Grau. Die Unfarbe hockt dieser Tage hartnäckig über uns, trübt Winterhimmel und Stimmung. Das Grau zieht nirgendwohin. Kommt von überall. Und plötzlich sitzt es in allen Ecken, ohne Anfang und Ende. Asphaltstrassen, Steingärten, Sichtbetonwände, Auspuffrohre, Dienstuniformen, Häuserfassaden, Zigarettenasche, Fabrikhallen, Grabsteine, Mülltonnen. Grau.
Grau gilt seit Ewigkeiten als Symbol für alles Nichtbesondere. Grau geht immer, grau passt zu allem, grau ist effizient. Wer grau wählt, legt sich nicht fest. Wer grau wählt, wagt nicht. Und wer nicht wagt, der nicht gewinnt.

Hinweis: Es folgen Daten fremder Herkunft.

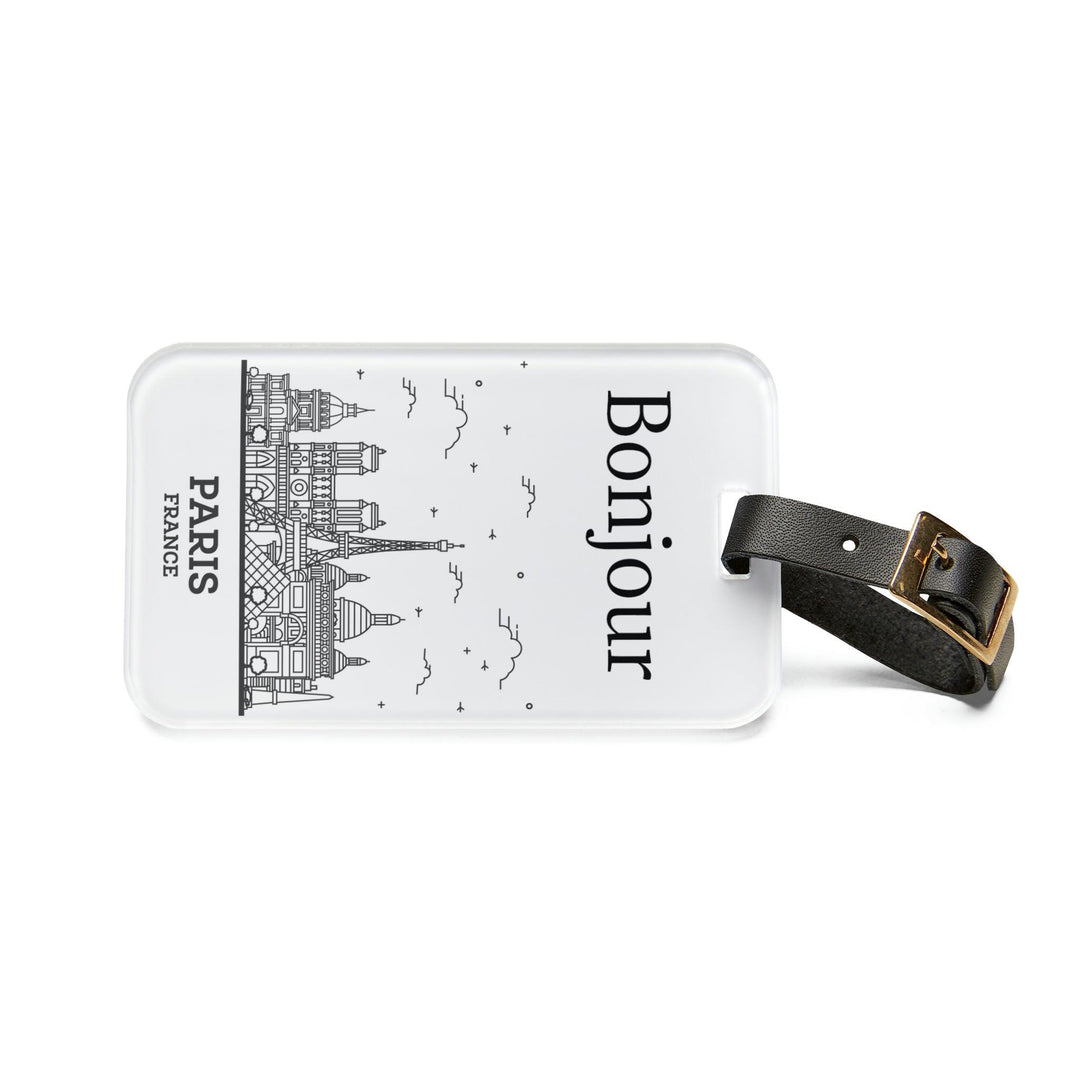Lisslune | Elegant personalized acrylic luggage tags with stylish leather strap for discerning travelers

Das Grauen kann uns alle treffen. Es kommt schleichend – und ehe wir uns versehen sind unsere Träume verwelkt. Ehe wir uns versehen, haben wir die lang ersehnte Reise nie gemacht, finden uns mit der tristen Mietwohnung ab, gehen wir tagtäglich der unbefriedigenden Arbeit nach, bleiben wir in der geringschätzigen Beziehung, verharren wir in einer toxischen Freundschaft.
Und dann? Passiert nichts. Nein, alles geht seinen Gang. Vom schrillen Klingeln des Weckers am Morgen bis zum Einschlafen vor dem Fernsehen am Abend. Vom In-den-Handybildschirm-Starren auf dem Hinweg zur Arbeit bis zum In-den-Handybildschirm-Starren auf dem Rückweg nach Hause. Jeder Schritt ist vorhersehbar.
Nichts gegen Alltagstrott – doch der hier Besagte hat eine stete Begleiterin: die Unzufriedenheit. Sie geht Hand in Hand mit uns, zieht Schultern und Mundwinkel nach unten, stiehlt uns den Glanz aus den Augen und die Wärme aus dem Herzen. Schlimmer noch: Sie zeigt mit dem Finger auf kunterbunte Lebensformen, verurteilt sie für jene Entscheidungen, die wir selbst nicht gewagt haben zu treffen. Und stattdessen grau gewählt haben.
Grau, wie der Winterhimmel in diesen Tagen. Bis der Wind kehrt. Die Wolkendecke aufreisst. Und anschaulich zeigt: Es muss nicht so bleiben.